The Cedar Grove Schools are a comprehensive community public school district that serves students in pre-kindergarten through twelfth grade from Cedar Grove, in Essex County, in the U.S. state of New Jersey.

As of the 2020–21 school year, the district, comprising four schools, had an enrollment of 1,602 students and 152.0 classroom teachers (on an FTE basis), for a student–teacher ratio of 10.5:1.

The district is classified by the New Jersey Department of Education as being in District Factor Group "I", the second-highest of eight groupings. District Factor Groups organize districts statewide to allow comparison by common socioeconomic characteristics of the local districts. From lowest socioeconomic status to highest, the categories are A, B, CD, DE, FG, GH, I and J.

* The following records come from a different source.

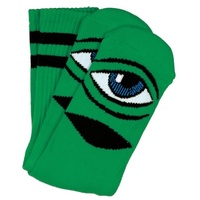 Toy Machine Socks Sect Eye Sock III Sock Green image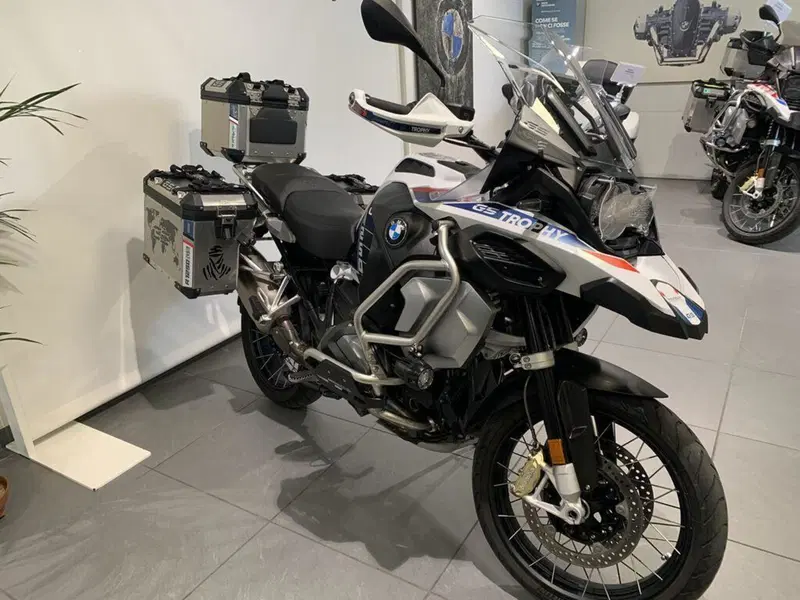 Bmw R 1250 GS Adventure (2021 - 24) (12)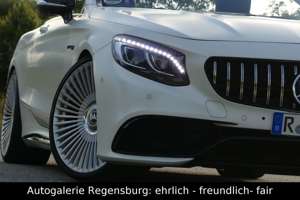 Mercedes-Benz S 63 AMG S63 AMG Cabriolet 4Matic*360°KAM*LUFTF*AMBIENTE*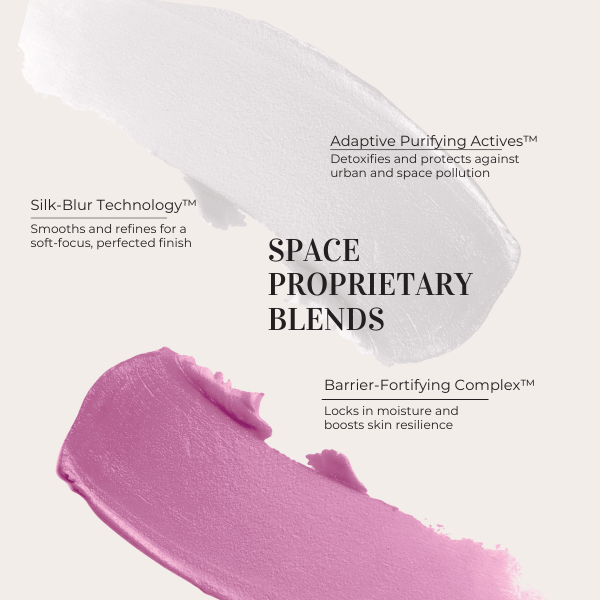 Cleanse & Prime Beauty Baton, Waterless Face Cleanser & Skin-Perfecting Blurring Primer Serum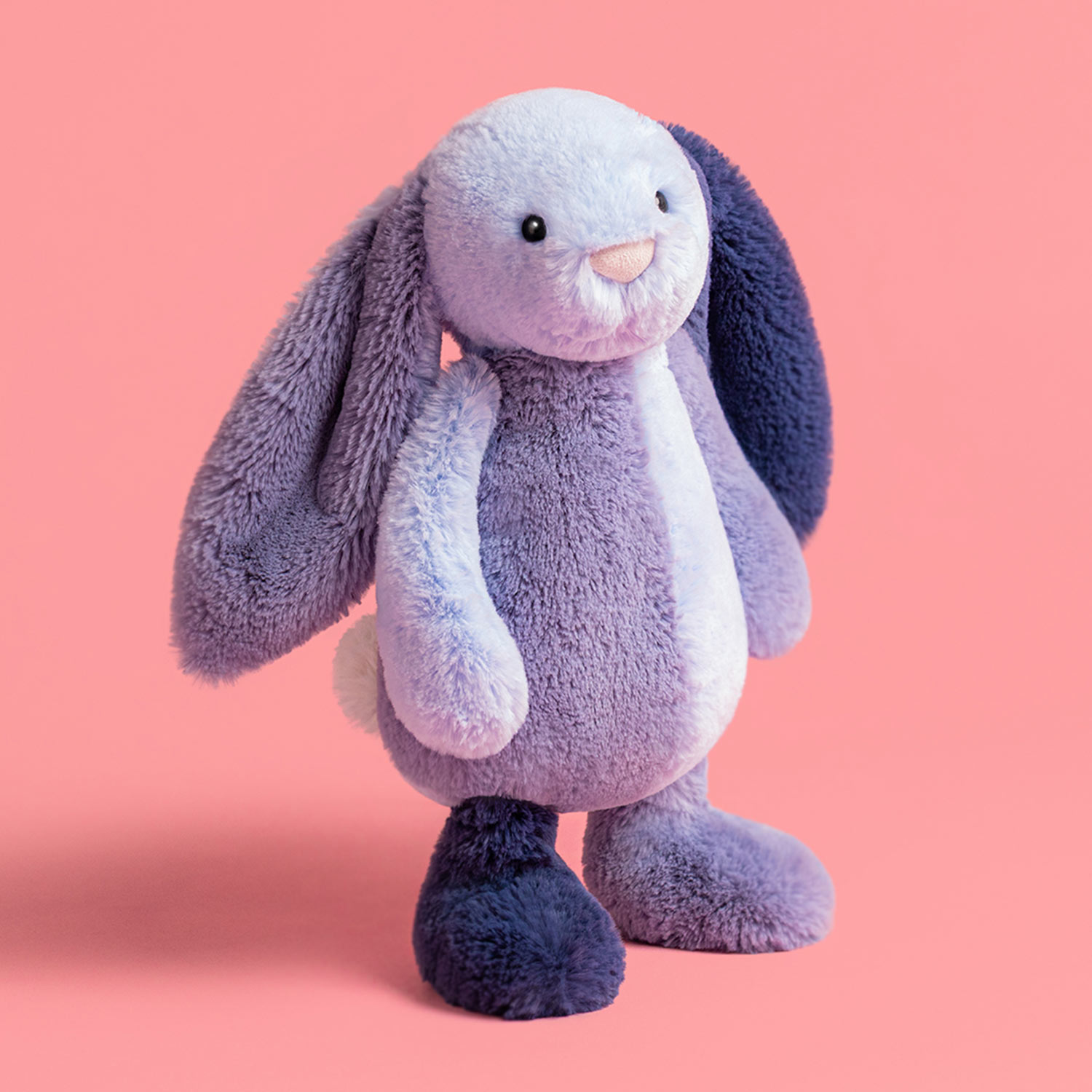 Summer Snuggles banner featuring Jellycat plush toys for outdoor adventures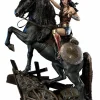 Wonder Woman (2017) - Wonder Woman on Horseback 54” Statue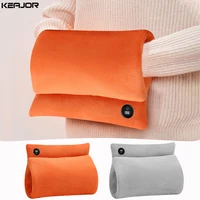Electric Hand Warmer USB Hand Heater Graphene Heat Warm Bag Winter Hand Gloves Heating Pad Rechargeable Hands Warmer Warming Mat 1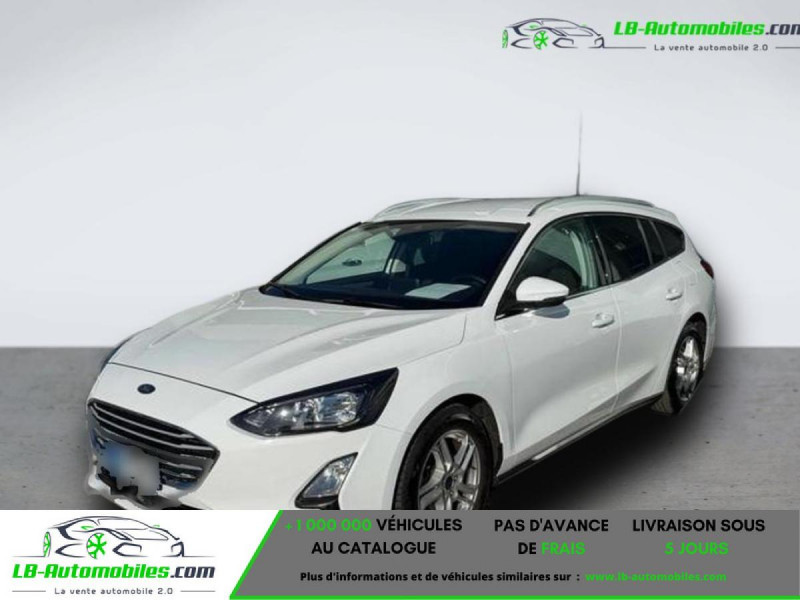 Ford Focus SW 1.5 EcoBlue 95  occasion � Beaupuy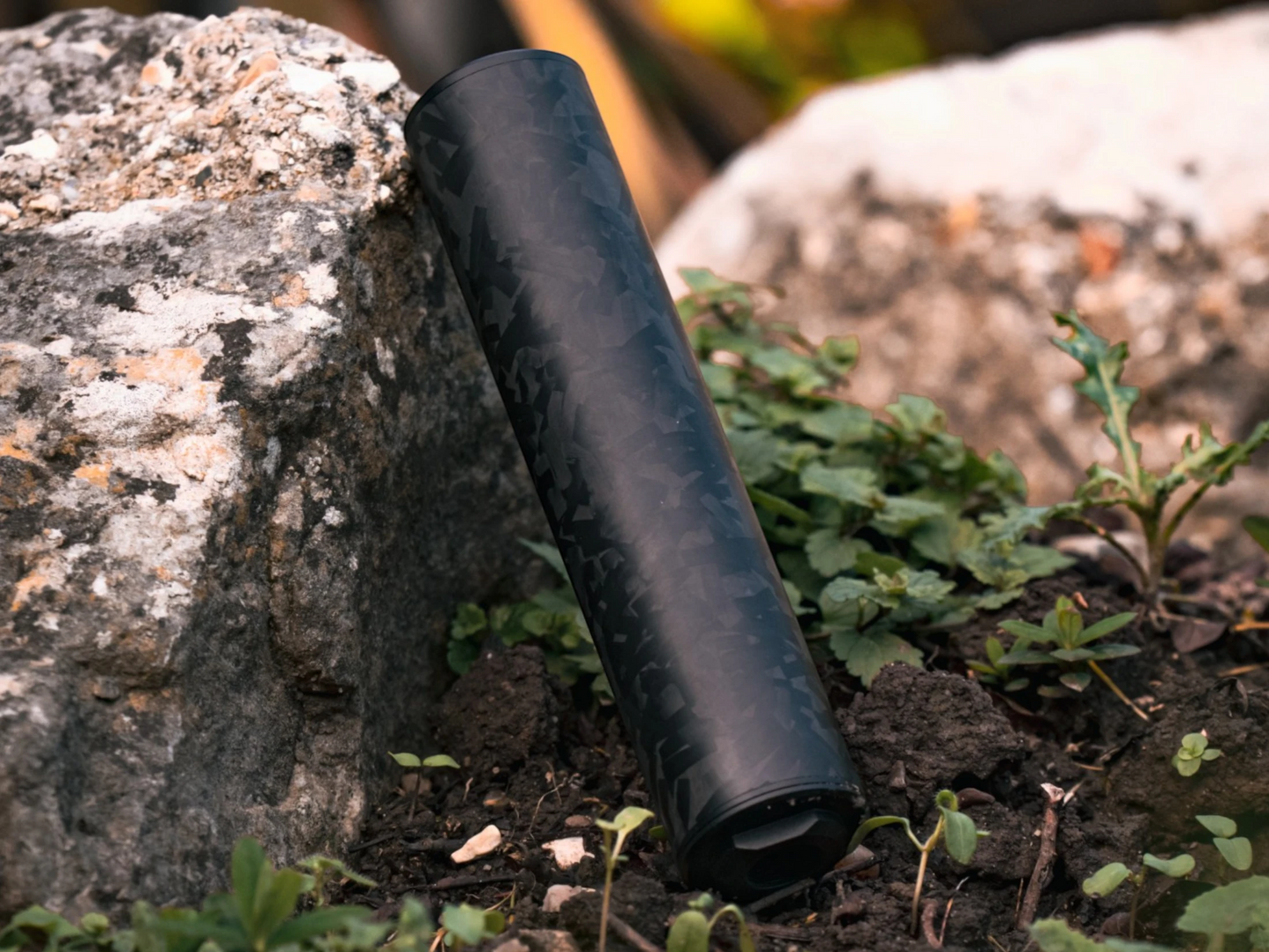 OG Carbon Adaptive 34 Suppressor — Forged Carbon | Tracer Compatible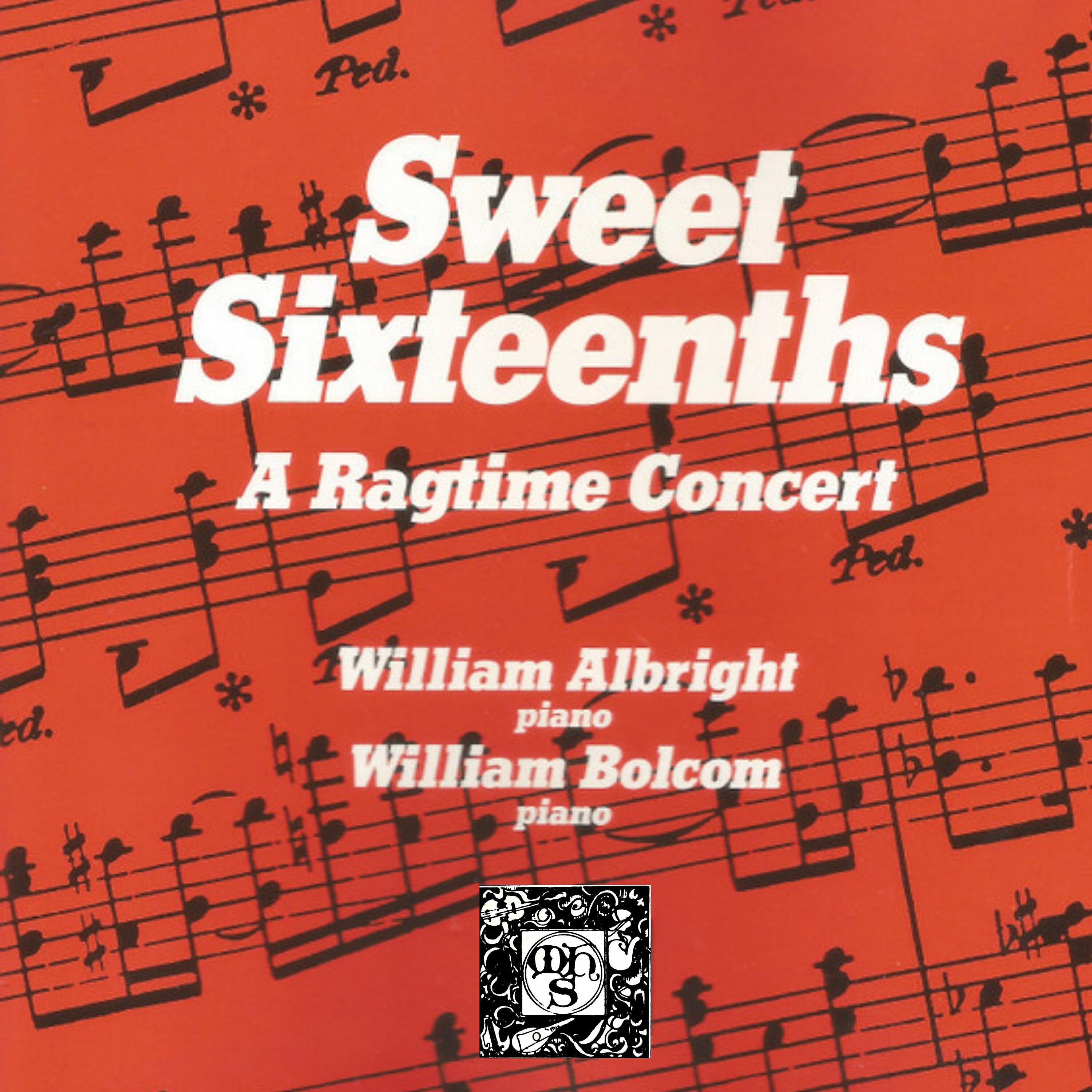 Релиз Sweet Sixteenths: A Ragtime Concert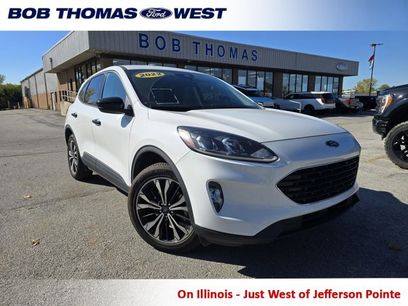 Used 2022 Ford Escape SEL w/ SEL Stealth AWD Package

==Awards and recognition==
In September 2021, North End School was one of nine schools in New Jersey recognized by the National Blue Ribbon Schools Program.

==Schools==
Schools in the district (with 2020–21 enrollment data from the National Center for Education Statistics) are:
- Elementary schools
- North End Elementary School with 278 students in grades PreK-4
  - Traci Dyer, principal
- South End Elementary School with 332 students in grades PreK-4
  - Lynn DiMatteo, principal
- Middle school
- Cedar Grove Memorial Middle School with 454 students in grades 5–8
  - Nicholas DeCorte, principal
- High school
- Cedar Grove High School with 507 students in grades 9–12
  - Jody Inglis, principal

==Administration==
Core members of the district's administration are:
- Anthony Grosso, superintendent
- Michael DeVita, business administrator and board secretary

==Board of education==
The district's board of education is composed of five members who set policy and oversee the fiscal and educational operation of the district through its administration. As a Type II school district, the board's trustees are elected directly by voters to serve three-year terms of office on a staggered basis, with either one or two seats up for election each year held (since 2012) as part of the November general election. The board appoints a superintendent to oversee the district's day-to-day operations and a business administrator to supervise the business functions of the district.